C’est ce que croit Dyane Bernier qui a travaillé comme enseignante en immersion pendant quinze ans en Alberta. «Il y a des parents qui pensent sérieusement qu’en arrivant en 10e année, au high school, les élèves ne seront plus capables de comprendre les mathématiques ou la science si les cours sont donnés en français», partage-t-elle. Pour d’autres élèves, c’est le niveau d’engagement que nécessite l’immersion qui devient difficile à soutenir avec le temps.
«Je comprends qu’il y a des jeunes de 16 ans qui sont tannés. Ce que je suggérais, c’était d’au moins garder un cours de français langue seconde en option», confie l’ancienne enseignante du Calgary Catholic School District (CCSD). Plusieurs élèves quittent aussi l’immersion avant la 12e année «pour ne pas avoir à passer l’examen du ministère», avance Dyane Bernier.
Ces désistements inquiètent particulièrement CPF Alberta. Pour l’année 2020-2021, ce serait 1400 élèves qui auraient abandonné leur place dans l’une ou l’autre des classes d’immersion de la province, mentionne Michael Tryon.
Une immersion relative
Sauf que le taux de rétention des élèves au sein des programmes d’immersion ne constitue en fait que la pointe de l’iceberg, confie le directeur général. Pour que les jeunes soient motivés à rester en immersion, il faut avant tout réfléchir à des moyens «de valoriser l’apprentissage» de la langue de Molière au quotidien, ce qui est difficile lorsqu’environ «85 à 90% des parents ne parlent aucun mot de français».
«Si les parents ne comprennent pas la langue, c’est plus difficile pour eux d’encourager des activités et des évènements culturels en français à la maison», explique Michael Tryon. Pourtant, sans pratique fréquente de la langue «à l’extérieur des murs de l’école», l’apprentissage du français peut stagner et une insécurité linguistique a de plus grandes chances de naître. «On va devenir gênés de parler avec des francophones parce qu’on a peur du jugement», témoigne le directeur général de CPF Alberta.
Cette pratique du français à la maison est donc cruciale pour les élèves, surtout que l’immersion dans les écoles a parfois tendance à être chancelante. «On a des administrateurs qui ne parlent pas français, alors qu’ils sont responsables des programmes en immersion», soutient Michael. C’est aussi l’un des constats de Dyane Bernier.

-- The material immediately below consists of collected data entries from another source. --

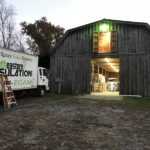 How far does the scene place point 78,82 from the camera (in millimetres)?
25016

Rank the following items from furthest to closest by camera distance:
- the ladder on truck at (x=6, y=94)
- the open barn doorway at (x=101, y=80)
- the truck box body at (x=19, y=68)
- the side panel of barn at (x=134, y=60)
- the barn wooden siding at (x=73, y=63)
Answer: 1. the open barn doorway at (x=101, y=80)
2. the barn wooden siding at (x=73, y=63)
3. the side panel of barn at (x=134, y=60)
4. the truck box body at (x=19, y=68)
5. the ladder on truck at (x=6, y=94)

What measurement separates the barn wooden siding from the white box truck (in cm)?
235

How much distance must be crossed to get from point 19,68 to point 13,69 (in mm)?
936

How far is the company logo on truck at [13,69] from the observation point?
1678 centimetres

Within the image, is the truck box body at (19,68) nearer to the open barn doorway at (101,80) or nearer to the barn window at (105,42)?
the barn window at (105,42)

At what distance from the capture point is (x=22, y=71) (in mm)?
19375

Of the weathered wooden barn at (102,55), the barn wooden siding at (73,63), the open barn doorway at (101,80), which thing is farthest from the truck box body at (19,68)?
the open barn doorway at (101,80)

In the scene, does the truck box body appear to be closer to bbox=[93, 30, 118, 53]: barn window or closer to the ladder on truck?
the ladder on truck

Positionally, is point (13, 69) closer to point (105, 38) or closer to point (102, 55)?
point (102, 55)

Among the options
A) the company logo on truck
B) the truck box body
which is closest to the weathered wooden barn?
the truck box body

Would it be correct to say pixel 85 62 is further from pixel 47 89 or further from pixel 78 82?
pixel 47 89

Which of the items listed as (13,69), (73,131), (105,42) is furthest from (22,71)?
(73,131)

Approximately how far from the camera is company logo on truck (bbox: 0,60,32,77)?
55.1 feet

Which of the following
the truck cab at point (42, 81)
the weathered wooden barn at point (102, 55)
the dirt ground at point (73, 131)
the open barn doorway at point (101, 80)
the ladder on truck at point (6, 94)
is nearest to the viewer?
the dirt ground at point (73, 131) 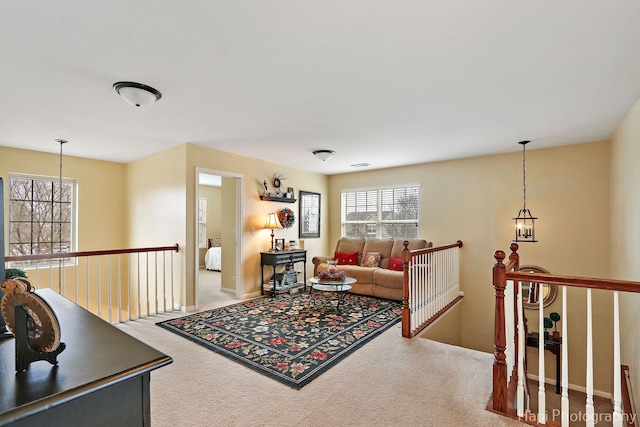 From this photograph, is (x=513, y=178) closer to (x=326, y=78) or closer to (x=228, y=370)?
(x=326, y=78)

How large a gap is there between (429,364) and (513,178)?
359 cm

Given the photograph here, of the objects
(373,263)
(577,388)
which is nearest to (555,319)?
(577,388)

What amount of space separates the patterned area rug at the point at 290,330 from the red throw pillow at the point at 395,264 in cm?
67

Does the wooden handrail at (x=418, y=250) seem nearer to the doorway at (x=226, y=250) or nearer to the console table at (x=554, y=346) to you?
the console table at (x=554, y=346)

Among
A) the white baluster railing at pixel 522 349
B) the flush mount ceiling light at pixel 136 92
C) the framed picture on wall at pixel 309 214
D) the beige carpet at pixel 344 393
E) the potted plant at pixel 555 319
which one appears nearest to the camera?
the white baluster railing at pixel 522 349

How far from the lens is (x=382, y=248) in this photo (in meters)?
6.02

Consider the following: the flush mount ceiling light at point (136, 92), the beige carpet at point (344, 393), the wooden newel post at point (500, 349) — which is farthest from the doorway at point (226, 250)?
the wooden newel post at point (500, 349)

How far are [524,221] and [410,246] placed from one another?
1.83 meters

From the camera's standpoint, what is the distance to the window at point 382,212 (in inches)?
241

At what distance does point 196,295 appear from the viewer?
14.8ft

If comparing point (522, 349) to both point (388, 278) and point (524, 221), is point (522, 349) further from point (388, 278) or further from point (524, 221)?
point (524, 221)

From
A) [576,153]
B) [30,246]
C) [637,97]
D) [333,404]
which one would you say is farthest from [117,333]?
[576,153]

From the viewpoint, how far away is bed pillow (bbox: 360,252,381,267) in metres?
5.80

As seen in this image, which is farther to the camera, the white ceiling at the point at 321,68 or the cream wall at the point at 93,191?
the cream wall at the point at 93,191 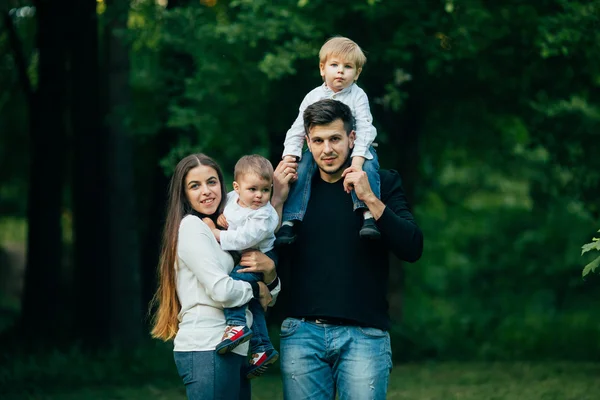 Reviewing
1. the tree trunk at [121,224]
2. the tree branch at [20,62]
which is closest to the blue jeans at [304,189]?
the tree trunk at [121,224]

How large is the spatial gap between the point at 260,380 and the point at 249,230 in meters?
6.94

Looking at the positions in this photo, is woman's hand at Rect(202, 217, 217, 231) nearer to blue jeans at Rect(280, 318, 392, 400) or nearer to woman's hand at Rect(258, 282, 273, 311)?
woman's hand at Rect(258, 282, 273, 311)

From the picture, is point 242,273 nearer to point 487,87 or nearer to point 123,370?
point 123,370

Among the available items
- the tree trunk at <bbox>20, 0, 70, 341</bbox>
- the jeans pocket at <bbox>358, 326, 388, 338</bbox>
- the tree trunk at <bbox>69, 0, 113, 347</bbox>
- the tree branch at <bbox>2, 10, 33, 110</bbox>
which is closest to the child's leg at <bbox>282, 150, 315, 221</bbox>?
the jeans pocket at <bbox>358, 326, 388, 338</bbox>

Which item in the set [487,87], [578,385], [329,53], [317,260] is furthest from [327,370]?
[487,87]

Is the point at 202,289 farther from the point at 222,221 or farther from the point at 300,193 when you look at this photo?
the point at 300,193

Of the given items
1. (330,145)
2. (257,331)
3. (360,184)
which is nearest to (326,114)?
(330,145)

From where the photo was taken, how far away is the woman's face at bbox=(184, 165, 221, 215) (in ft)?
17.1

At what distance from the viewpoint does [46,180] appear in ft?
53.5

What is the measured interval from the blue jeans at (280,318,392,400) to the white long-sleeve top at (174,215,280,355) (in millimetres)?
277

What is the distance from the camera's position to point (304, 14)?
12234 millimetres

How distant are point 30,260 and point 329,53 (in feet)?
39.7

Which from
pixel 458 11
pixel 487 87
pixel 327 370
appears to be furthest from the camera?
pixel 487 87

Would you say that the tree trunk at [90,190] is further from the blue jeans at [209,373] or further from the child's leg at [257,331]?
the blue jeans at [209,373] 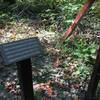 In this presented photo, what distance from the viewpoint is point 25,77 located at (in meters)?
3.09

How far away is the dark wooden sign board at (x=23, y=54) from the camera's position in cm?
275

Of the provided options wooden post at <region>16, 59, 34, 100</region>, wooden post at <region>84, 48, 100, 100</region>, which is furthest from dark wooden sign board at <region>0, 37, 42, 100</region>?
wooden post at <region>84, 48, 100, 100</region>

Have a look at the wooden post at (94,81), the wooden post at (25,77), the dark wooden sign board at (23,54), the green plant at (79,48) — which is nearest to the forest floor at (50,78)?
the green plant at (79,48)

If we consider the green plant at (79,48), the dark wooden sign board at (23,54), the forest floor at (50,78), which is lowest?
the forest floor at (50,78)

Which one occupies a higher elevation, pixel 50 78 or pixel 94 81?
pixel 94 81

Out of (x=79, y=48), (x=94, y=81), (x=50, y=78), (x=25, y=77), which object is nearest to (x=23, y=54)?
(x=25, y=77)

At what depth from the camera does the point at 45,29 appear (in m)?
5.51

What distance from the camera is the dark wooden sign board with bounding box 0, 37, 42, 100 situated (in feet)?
9.02

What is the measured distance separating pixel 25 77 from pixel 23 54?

«Ça fait mal quand des directeurs, des secrétaires et des bibliothécaires ne parlent pas la langue.»
«Les messages à l’interphone se font juste en anglais par exemple», ajoute-t-elle. Dans cette logique, même si les cours sont donnés en français aux élèves en immersion, la vie étudiante, elle, se passe en anglais. «On n’amène pas les jeunes à penser qu’il pourrait vivre en français. On n’offre pas un environnement francophone pendant les huit heures où ils se trouvent à l’école.»
Pour remédier à la situation, le CCSD organise depuis quelques années un voyage au Québec afin d’inciter leurs élèves à baigner dans un environnement francophone pendant plusieurs jours d’affilée. «C’est à ce moment qu’on arrive à augmenter l’estime de l’élève envers son apprentissage. L’élève voit à quel point ses aptitudes en français peuvent lui être utiles», mentionne l’ancienne enseignante du CCSD d’un ton passionné. Elle ajoute que l’immersion demeure un «beau produit» qui nécessite simplement de petites «modifications».
Peu de soutien gouvernemental
Michael Tryon et CPF Alberta se sont adressés à la ministre de l’Éducation, Adriana LaGrange, dans une lettre envoyée le 2 janvier 2023 afin de discuter de «plusieurs points importants», dont la «chute des inscriptions dans les programmes de français». «Il n’y a pas juste une diminution des inscriptions en immersion, il y a aussi plus de 22 000 élèves qui ont abandonné le cours de français comme langue seconde», s’inquiète le directeur général.
Il déplore, cependant, la réponse «peu concrète» que la ministre a envoyée à la CPF au début de février. «On est un peu bloqués. On ne ressent pas beaucoup de soutien pour les programmes d’immersion française et de français comme langue seconde (FLS) contrairement à l’attention qui est donnée au système francophone», conclut-il.